:: What you need to do ::
Repeat exactly what appears from the opening line of the listing to the line with "VW Tiguan Allspace", inclusive.
════════
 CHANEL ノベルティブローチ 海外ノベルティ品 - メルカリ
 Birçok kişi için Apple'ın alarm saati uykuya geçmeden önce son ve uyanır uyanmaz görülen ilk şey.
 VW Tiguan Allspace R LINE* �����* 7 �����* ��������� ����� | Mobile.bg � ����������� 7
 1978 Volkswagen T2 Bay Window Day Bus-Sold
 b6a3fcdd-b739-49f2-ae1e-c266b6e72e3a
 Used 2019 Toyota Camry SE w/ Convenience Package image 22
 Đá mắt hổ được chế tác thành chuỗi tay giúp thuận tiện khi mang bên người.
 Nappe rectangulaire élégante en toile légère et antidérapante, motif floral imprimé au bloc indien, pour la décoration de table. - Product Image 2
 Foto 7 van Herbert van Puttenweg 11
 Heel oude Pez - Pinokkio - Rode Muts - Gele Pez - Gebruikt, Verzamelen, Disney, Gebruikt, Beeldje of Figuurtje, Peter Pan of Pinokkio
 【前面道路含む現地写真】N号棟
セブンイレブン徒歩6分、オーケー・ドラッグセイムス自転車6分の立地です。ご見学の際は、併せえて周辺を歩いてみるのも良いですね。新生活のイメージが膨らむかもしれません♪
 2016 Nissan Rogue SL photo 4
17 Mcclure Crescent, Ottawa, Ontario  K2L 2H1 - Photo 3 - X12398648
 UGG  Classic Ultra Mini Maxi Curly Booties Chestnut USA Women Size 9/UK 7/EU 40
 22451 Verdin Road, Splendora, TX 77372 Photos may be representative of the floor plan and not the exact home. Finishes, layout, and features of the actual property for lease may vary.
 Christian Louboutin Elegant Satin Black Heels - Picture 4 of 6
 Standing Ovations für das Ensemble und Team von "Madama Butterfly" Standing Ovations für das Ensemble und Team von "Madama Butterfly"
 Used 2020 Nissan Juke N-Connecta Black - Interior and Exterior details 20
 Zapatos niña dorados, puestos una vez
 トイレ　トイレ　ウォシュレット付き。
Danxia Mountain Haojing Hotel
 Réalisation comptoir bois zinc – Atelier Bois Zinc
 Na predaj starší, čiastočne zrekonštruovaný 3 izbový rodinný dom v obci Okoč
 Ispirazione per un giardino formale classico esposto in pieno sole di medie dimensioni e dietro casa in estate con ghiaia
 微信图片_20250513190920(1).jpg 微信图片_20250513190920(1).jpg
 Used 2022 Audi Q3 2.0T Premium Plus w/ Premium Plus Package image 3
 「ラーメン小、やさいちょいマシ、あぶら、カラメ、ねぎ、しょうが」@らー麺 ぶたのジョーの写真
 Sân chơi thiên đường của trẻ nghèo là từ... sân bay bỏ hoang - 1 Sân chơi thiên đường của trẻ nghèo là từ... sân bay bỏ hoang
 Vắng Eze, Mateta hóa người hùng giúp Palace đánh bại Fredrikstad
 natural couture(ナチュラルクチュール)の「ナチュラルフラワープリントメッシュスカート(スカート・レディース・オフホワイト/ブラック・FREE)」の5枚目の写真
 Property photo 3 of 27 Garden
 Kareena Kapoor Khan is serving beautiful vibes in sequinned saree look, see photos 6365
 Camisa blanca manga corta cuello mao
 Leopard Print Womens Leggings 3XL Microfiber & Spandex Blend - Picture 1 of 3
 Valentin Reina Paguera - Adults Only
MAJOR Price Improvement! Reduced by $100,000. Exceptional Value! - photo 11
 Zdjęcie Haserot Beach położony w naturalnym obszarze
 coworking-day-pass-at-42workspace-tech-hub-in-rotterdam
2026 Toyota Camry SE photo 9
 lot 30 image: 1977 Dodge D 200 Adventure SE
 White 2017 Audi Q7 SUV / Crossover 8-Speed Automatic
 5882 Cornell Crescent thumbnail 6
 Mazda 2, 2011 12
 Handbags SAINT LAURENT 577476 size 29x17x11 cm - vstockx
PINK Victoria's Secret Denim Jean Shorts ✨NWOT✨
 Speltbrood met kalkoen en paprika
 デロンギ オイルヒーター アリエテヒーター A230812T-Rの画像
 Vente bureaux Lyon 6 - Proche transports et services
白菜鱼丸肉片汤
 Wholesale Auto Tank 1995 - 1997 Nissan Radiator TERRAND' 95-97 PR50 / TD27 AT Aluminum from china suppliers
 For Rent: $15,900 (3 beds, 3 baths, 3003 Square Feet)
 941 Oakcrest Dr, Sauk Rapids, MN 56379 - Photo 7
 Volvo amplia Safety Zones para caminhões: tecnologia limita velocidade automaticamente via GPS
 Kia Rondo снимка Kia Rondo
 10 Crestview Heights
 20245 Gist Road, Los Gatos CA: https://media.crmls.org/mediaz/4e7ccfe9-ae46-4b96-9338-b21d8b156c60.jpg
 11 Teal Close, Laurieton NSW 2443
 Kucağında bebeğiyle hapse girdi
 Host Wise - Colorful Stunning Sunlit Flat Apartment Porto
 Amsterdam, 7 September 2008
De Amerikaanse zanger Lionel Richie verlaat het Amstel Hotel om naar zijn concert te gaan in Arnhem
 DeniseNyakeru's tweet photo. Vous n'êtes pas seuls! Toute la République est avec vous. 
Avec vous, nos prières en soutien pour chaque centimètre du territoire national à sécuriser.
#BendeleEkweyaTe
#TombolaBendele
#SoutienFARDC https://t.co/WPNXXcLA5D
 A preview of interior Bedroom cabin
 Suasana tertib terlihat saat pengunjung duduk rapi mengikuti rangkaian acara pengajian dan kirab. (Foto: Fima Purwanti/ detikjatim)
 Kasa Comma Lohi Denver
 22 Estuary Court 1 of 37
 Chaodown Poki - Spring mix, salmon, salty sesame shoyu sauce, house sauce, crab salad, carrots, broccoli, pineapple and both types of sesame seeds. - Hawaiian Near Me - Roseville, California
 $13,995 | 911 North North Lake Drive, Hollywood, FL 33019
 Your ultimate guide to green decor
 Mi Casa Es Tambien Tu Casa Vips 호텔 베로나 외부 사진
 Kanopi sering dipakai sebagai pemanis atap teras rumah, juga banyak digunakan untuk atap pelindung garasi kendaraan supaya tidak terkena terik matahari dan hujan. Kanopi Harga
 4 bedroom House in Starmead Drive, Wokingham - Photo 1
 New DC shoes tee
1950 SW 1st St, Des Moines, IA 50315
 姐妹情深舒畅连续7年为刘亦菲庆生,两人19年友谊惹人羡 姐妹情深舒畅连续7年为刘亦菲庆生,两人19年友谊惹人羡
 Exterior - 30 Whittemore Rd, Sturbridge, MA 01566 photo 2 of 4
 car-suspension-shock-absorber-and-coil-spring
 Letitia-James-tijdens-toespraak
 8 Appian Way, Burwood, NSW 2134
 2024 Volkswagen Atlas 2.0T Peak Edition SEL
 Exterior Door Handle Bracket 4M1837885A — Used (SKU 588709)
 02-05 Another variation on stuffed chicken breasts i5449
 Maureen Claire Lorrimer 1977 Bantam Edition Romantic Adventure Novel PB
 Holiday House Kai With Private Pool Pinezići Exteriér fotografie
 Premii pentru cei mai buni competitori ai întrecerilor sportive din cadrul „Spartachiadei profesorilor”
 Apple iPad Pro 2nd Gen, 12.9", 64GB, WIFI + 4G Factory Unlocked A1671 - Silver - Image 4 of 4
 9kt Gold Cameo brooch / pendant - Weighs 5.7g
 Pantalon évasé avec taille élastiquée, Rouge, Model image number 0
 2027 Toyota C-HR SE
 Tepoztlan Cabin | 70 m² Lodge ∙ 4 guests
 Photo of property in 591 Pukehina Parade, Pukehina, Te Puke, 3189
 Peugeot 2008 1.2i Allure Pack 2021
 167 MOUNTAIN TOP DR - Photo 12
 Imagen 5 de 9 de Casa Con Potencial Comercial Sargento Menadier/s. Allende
════════
:: Answer to the exercise ::
 CHANEL ノベルティブローチ 海外ノベルティ品 - メルカリ
 Birçok kişi için Apple'ın alarm saati uykuya geçmeden önce son ve uyanır uyanmaz görülen ilk şey.
 VW Tiguan Allspace R LINE* �����* 7 �����* ��������� ����� | Mobile.bg � ����������� 7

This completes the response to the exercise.